The human mind is infinite. It has no mass and therefore has no boundaries, other than limits imposed upon it by the self. If the self will abandon these limits and open up the mind to all possibilities then there is nothing that cannot be achieved.
This is good news for the creative writer. It means that the writer's imagination can also be boundless and achieve anything.
Everything the writer has ever seen, read, heard or experienced is stored in the vast storehouse of his subconscious mind. It is probably stored in a haphazard fashion, rather like the way a computer stores data, if not instructed otherwise. Because of that, the majority of memories and information are not readily available to the conscious mind.

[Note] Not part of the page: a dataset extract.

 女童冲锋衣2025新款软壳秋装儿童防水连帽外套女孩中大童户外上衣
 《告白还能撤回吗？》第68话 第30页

This is obviously a good thing. We must forget to stay sane.
Therefore a limitless virtual library of ideas exists in the subconscious mind waiting to be exploited. How can the writer tap into this abundance?

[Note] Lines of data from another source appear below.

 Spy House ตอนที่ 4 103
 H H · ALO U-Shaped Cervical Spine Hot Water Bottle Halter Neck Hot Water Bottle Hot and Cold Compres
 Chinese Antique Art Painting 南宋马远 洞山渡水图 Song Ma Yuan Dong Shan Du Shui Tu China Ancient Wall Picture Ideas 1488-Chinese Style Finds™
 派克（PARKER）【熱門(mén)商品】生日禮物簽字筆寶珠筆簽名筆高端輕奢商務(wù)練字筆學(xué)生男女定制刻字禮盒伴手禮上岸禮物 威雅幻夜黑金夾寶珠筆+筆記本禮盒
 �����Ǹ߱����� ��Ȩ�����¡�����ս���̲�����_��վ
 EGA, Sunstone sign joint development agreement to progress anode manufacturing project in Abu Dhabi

One way is with visualisation. Visualisation is a tool that may only be used by open minds. A writer must try to visualise his success, visualise his book on the shelves at the bookshop; visualise book signings and winning awards. The more he visualises his success the more he persuades both his conscious mind and his subconscious to act to bring about these events.
The successful creative writer is one who is prepared to think outside the box and has utter faith in his own talent. That same faith will allow him to excavate his subconscious mind to find riches. To tap into your own virtual library of ideas one must use the imagination again. Try this exercise at night just before sleep.
Close your eyes and see in your mind's eye that you are standing before an elevator. The doors open and you step inside. The elevator rises and then stops. The doors open and you step out.
You find yourself in a vast space filled with storage shelves. You look ahead of you and see that the shelves form a corridor that goes off into infinity. Very shelf is crammed with document folders. You walk down this corridor until you come to a junction. If you turn your gaze either left or right more corridors of shelves branch off into the distance.
You know with certainty that in each of these millions of folders is an idea, all of them belonging to you. You need only reach up and take a folder from a shelf. Take down a folder at random and then another and another, as many as you want. You know without doubt that these ideas you have chosen will assist you when next you sit down to write. You turn and there is the elevator door again. You descend carrying your precious folders under your arm.
To help this exercise be more effective, couple it with exact instructions to your subconscious to work on your behalf as you sleep. It never sleeps, of course, and if not prompted to engage in certain tasks, will just idle over while you sleep; just passing you jumbled information in your dreams. Give it something specific to do.
When you have gathered your ideas folders from your virtual library, and just as you begin to drift into sleep, speak to your subconscious. You may consider this fanciful, but you and your subconscious are one. And if you are wise you will be in command of yourself.
Speak, out loud if need be, if you sleep alone. Silently, otherwise. Your instructions to your subconscious must be forcefully put. Demand that it pay attention. Issue the instructions something like this:
"Subconscious, listen to my instructions and obey. You will work on the ideas I have collected. When next I sit down to write you will see to it that words, phrases and ideas flow easily and without effort. Do you understand? Then get on with it."
Switch off then and sleep. There will not, of course, be a miraculous development when you wake, but when you sit to write you should feel a surge of mental energy. The more often you command your subconscious to assist you in your writing the stronger will be the results.
The subconscious mind is vast; its workings mysterious and fascinating. Be the master of your subconscious, and reap the rewards.